April 17 (Bloomberg) -- The International Monetary Fund raised its global growth forecast, with the U.S. boosting the outlook while recent improvements remain “very fragile.”
The world economy will expand 3.5% this year and 4.1% in 2013, the Washington-based IMF said today in its World Economic Outlook, raising forecasts made in January from 3.3% for 2012 and 4.0% for next year. The U.S. will grow 2.1% this year and 2.4% in 2013, up from 1.8% and 2.2% in the lender’s January projections.

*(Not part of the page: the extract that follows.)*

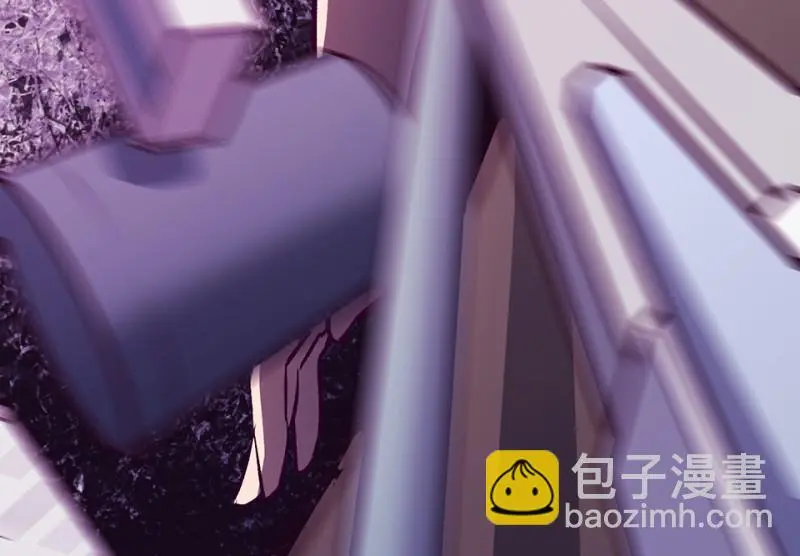雪发·三77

The report reflects the IMF’s view that the euro area, while still facing an economic downturn and the “hard to quantify” potential risk of a country’s default, has stabilized since last year. The euro area economy is projected to decline by 0.3% in 2012, an improvement from the 0.5% in the IMF’s previous forecast. China is projected to grow 8.2% and Japan 2% this year.
“Improved activity in the United States during the second half of 2011 and better policies in the euro area in response to its deepening economic crisis have reduced the threat of a sharp global slowdown,” the IMF said in a summary of the report. “Weak recovery will likely resume in the major advanced economies, and activity is expected to remain relatively solid in most emerging and developing economies. However, the recent improvements are very fragile.”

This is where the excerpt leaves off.